RG: Minimally invasive and endoscopic techniques which minimize pain and morbidity while still achieving the fundamental operative goals are the primary tools to migrate cases to the ASC. Regional blocks and neuraxial anesthesia can also be helpful, especially in elderly patients or those with increased co-morbidities.

LS: Navigation makes lumbar fusions, especially minimally invasive transforaminal lumbar interbody fusions and laterals, much easier. “NAV in a box” will greatly enhance the transition.

VS: The main issue is proper patient selection in terms of their overall health, risk of complications, ability to mobilize quickly after the surgery, and reasonable expectations. The other important issue is achieving proper postoperative pain and nausea control by working with the anesthesiologist to develop optimal pre-, intra- and postoperative protocols.

Q: What are your key considerations when migrating spine procedures to the ASC?

BG: I go for cases that tend to be short and straightforward. No one wants to be in the operating room all day in the ASC — not me, the patient, anesthesiologist, nor the staff. Try to keep the cases “short and sweet” to maximize case flow and simplicity of post-op care.

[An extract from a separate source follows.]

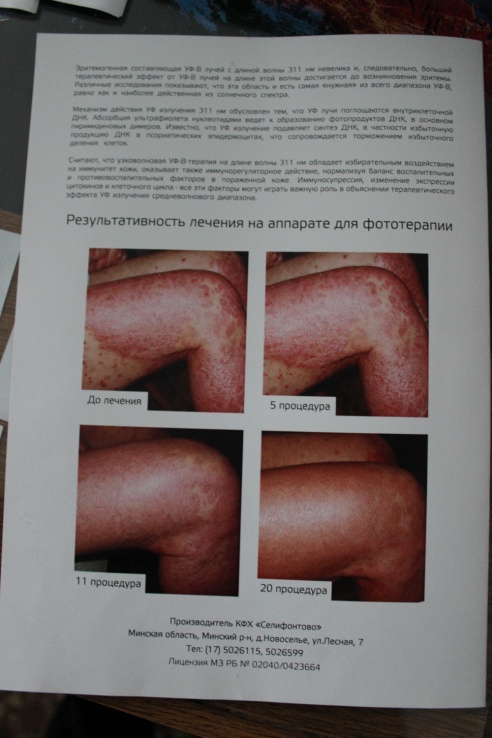 В Гродно появился уникальный аппарат для лечения кожных заболеваний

RG: Ask yourself: Can the procedure be safely done in the outpatient setting without increasing risk? If the answer is yes, then that case can be done outpatient. The outpatient also needs some support at home. There will still be complications wherever procedures are done; you just can’t compromise your ability to deal with them.

LS: Health of the patient is key. Chronic pain and morbid obesity are best initially avoided. Anyone who needs rehab or skilled nursing or with no home support is best done in the hospital.

VS: First is to make sure that proper equipment is available and staff is properly trained. Second is to make sure it is financially feasible by analyzing reimbursements versus supply, implant and staffing costs.

Q: How can spine surgeons consistently ensure excellent patient outcomes in the ASC?

BG: With a focus on patient experience, case appropriateness, good surgeons and interventional pain physicians, and negotiating commensurate reimbursements with the payers, I think success will be likely. If you are falling short, or things are not going well, look for opportunities in case selection, pre-op clearance, or surgical factors that may be hampering you.

RG: Proper surgical indications and techniques that achieve the fundamental goals of surgery ensure the best patient outcomes; the location that the procedure is performed is less critical. Ambulatory surgery is a nonissue when things go well — the trick is being able to handle complications while mitigating risk.

LS: Right patient. Right procedure. Right time. Patient education. Meticulous surgical technique. Knowing your limits. Judicious adjuncts to narcotic analgesia (local anesthetic blocks and pumps, epidural steroids, etc).

VS: Stick to proper patient selection and make sure the staff is properly educated to make the surgery safe and efficient.

The opinions of Dr. Brian Gantwerker, Dr. Ray Gardocki, Dr. Lali Sekhon and Dr. Vladimir Sinkov are their own and not necessarily those of Stryker.